Data shown →
■ ■ ■
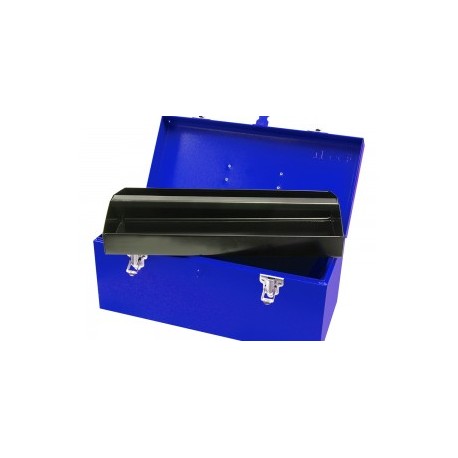 Caja metálica portaherramientas  41 x 18.5 x 19 cm Urrea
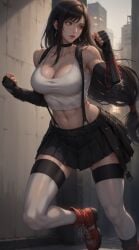 final_fantasy tagme tifa_lockhart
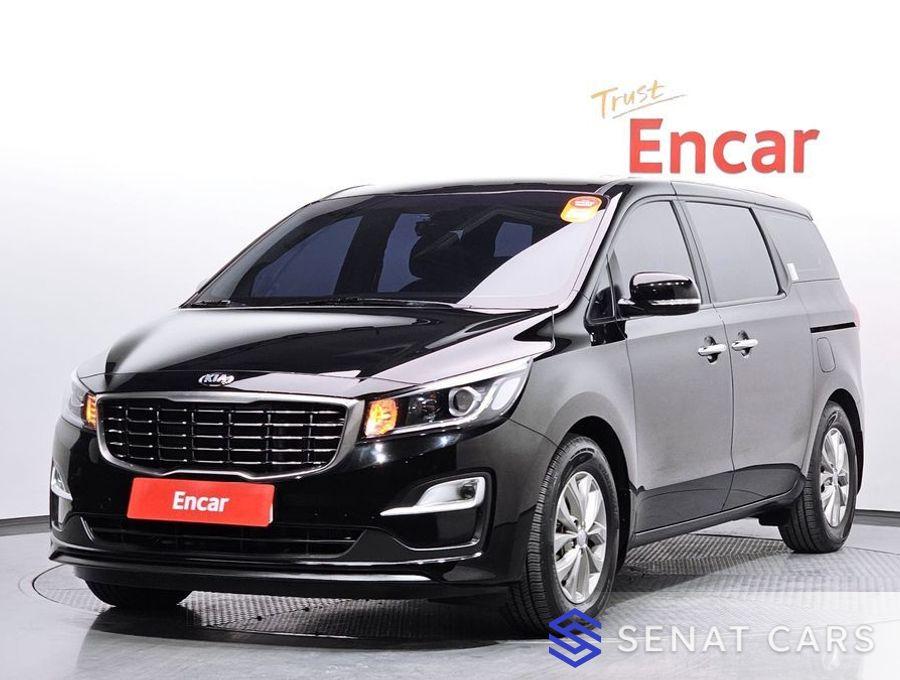 Kia Carnival 11-Seater Deluxe 2WD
■ ■ ■
About this task → Omit every picture while printing the data word for word.

Result of this task →
 Caja metálica portaherramientas  41 x 18.5 x 19 cm Urrea
 final_fantasy tagme tifa_lockhart
 Kia Carnival 11-Seater Deluxe 2WD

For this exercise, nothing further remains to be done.